🤖 AI Summary
This paper investigates the structural characterization of feasible signal sets under privacy constraints. Methodologically, it introduces a unified framework that decomposes any feasible signal into two orthogonal components: a minimal-information signal and a conditional privacy-preserving signal—thereby fully characterizing the Blackwell frontier of the privacy variable. The framework integrates Blackwell’s theory of statistical information comparison, a general posterior-based privacy model (encompassing both differential privacy and inference privacy), and posterior-mean constraints on statistics. Crucially, it is agnostic to the specific privacy definition, ensuring broad applicability.
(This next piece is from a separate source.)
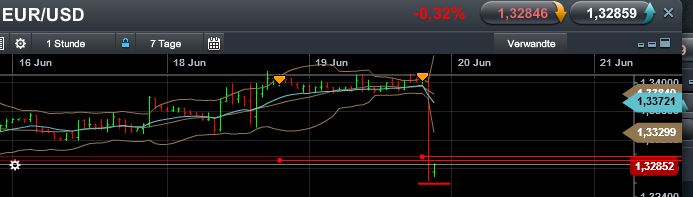 Quo Vadis Dax 2013 - Up, dank Liquidität 617089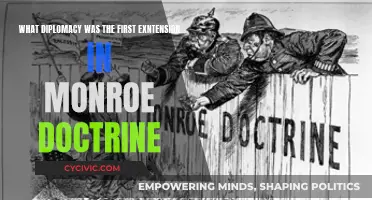 Diplomacy's First Extension: Monroe Doctrine's Expansionist Legacy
The contribution is threefold: (i) it reveals the fundamental structure underlying the privacy–information trade-off; (ii) it derives a tight information-theoretic lower bound on signal informativeness under privacy constraints; and (iii) it establishes a rigorous theoretical foundation for designing and analyzing privacy mechanisms.
📝 Abstract
This paper provides a unified approach to characterize the set of all feasible signals subject to privacy constraints. The Blackwell frontier of feasible signals can be decomposed into minimum informative signals achieving the Blackwell frontier of privacy variables, and conditionally privacy-preserving signals. A complete characterization of the minimum informative signals is then provided. We apply the framework to ex-post privacy (including differential and inferential privacy) and to constraints on posterior means of arbitrary statistics.